## Instructions to follow:
Repeat verbatim, and only, the lines of the data below, beginning at the line that contains "Reece vloerlamp Van" and stopping after the line that contains "Jasper's a cosy".

## Task material:
····················

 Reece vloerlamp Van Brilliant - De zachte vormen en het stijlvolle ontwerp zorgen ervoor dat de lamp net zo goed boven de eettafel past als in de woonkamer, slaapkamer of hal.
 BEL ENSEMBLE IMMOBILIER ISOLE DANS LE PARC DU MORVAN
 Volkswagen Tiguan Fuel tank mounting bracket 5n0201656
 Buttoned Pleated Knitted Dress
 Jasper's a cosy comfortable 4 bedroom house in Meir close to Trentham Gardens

····················

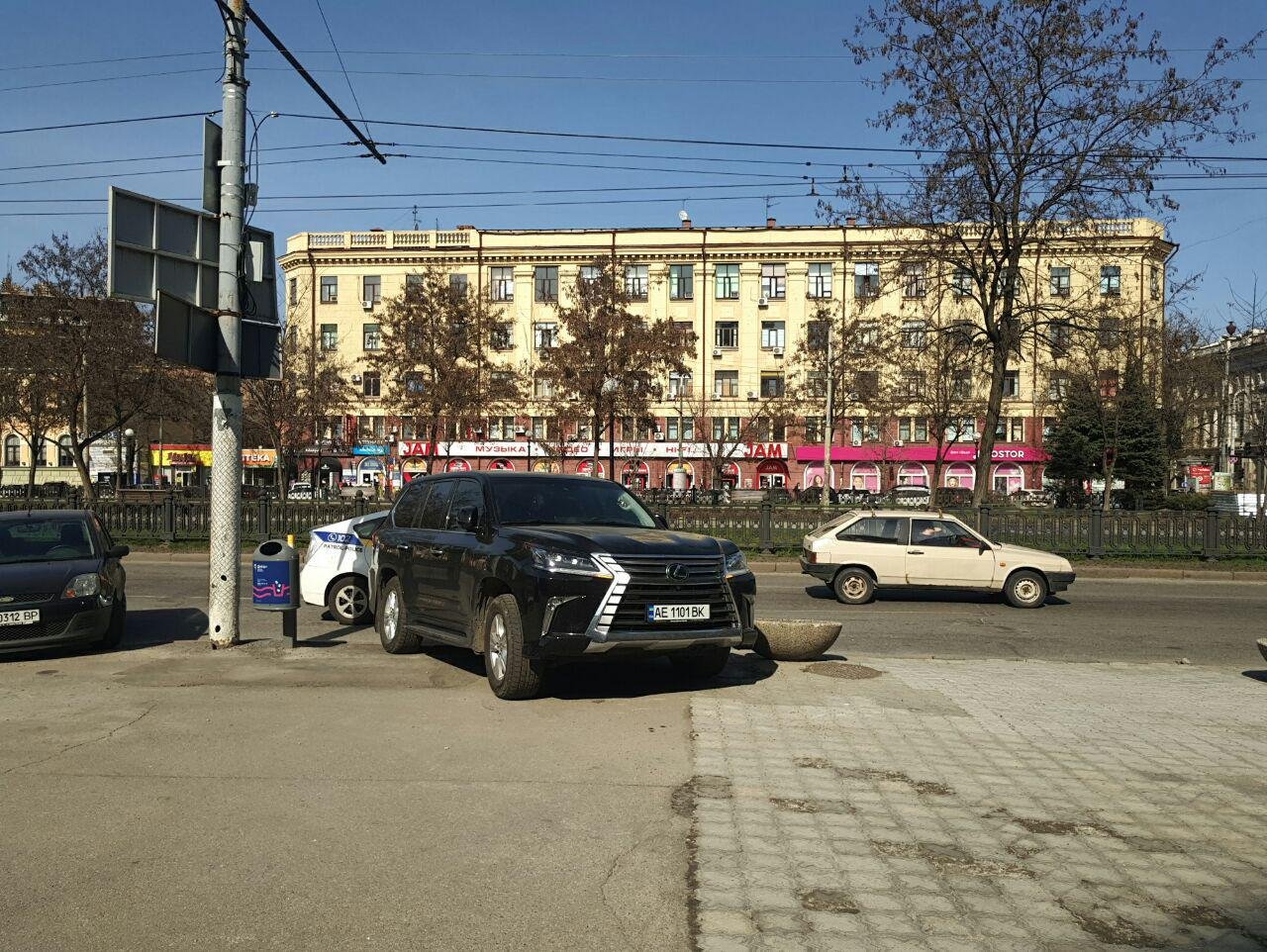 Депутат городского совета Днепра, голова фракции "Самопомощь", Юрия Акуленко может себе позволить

····················

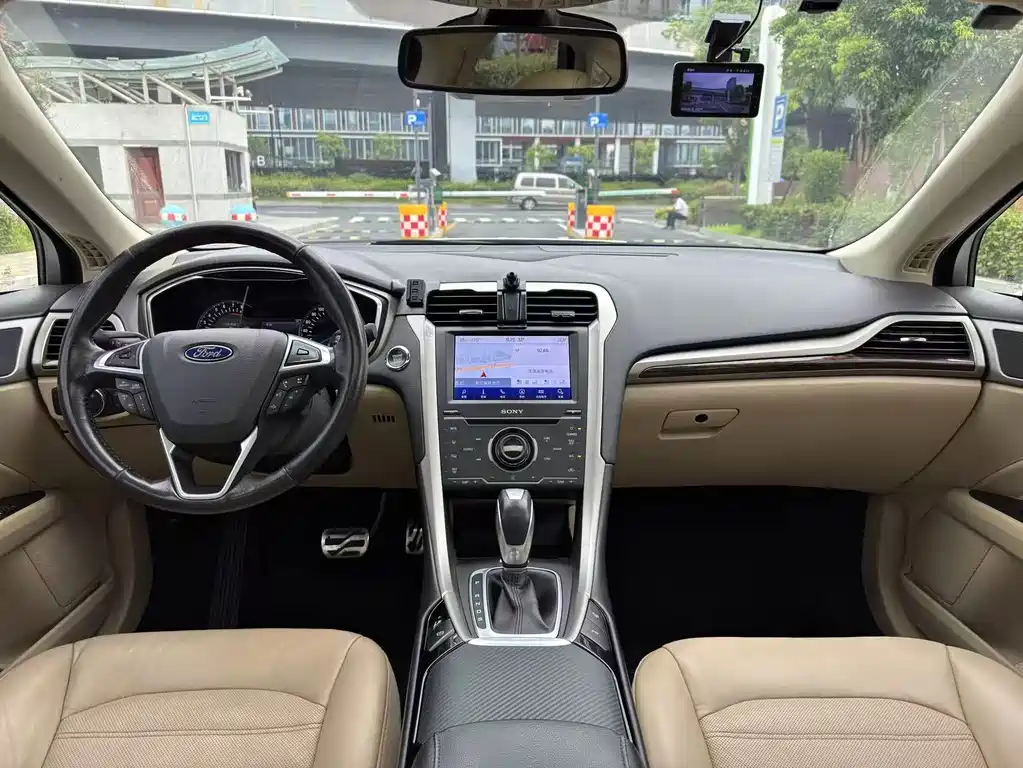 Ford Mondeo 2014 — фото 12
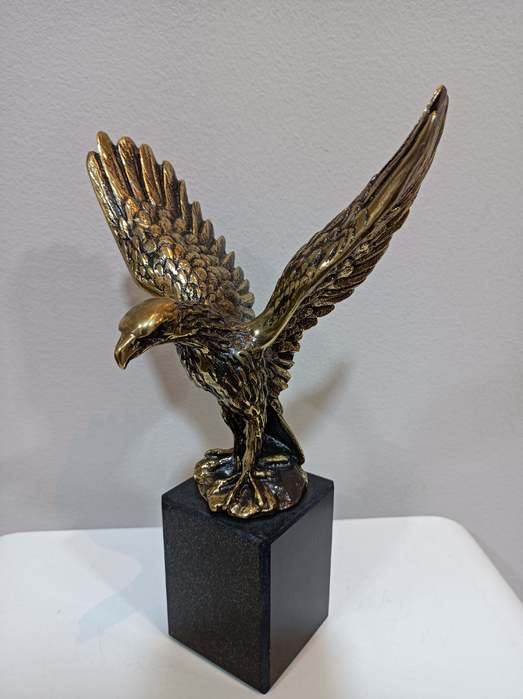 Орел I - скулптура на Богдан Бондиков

····················

## Answer section:
 Reece vloerlamp Van Brilliant - De zachte vormen en het stijlvolle ontwerp zorgen ervoor dat de lamp net zo goed boven de eettafel past als in de woonkamer, slaapkamer of hal.
 BEL ENSEMBLE IMMOBILIER ISOLE DANS LE PARC DU MORVAN
 Volkswagen Tiguan Fuel tank mounting bracket 5n0201656
 Buttoned Pleated Knitted Dress
 Jasper's a cosy comfortable 4 bedroom house in Meir close to Trentham Gardens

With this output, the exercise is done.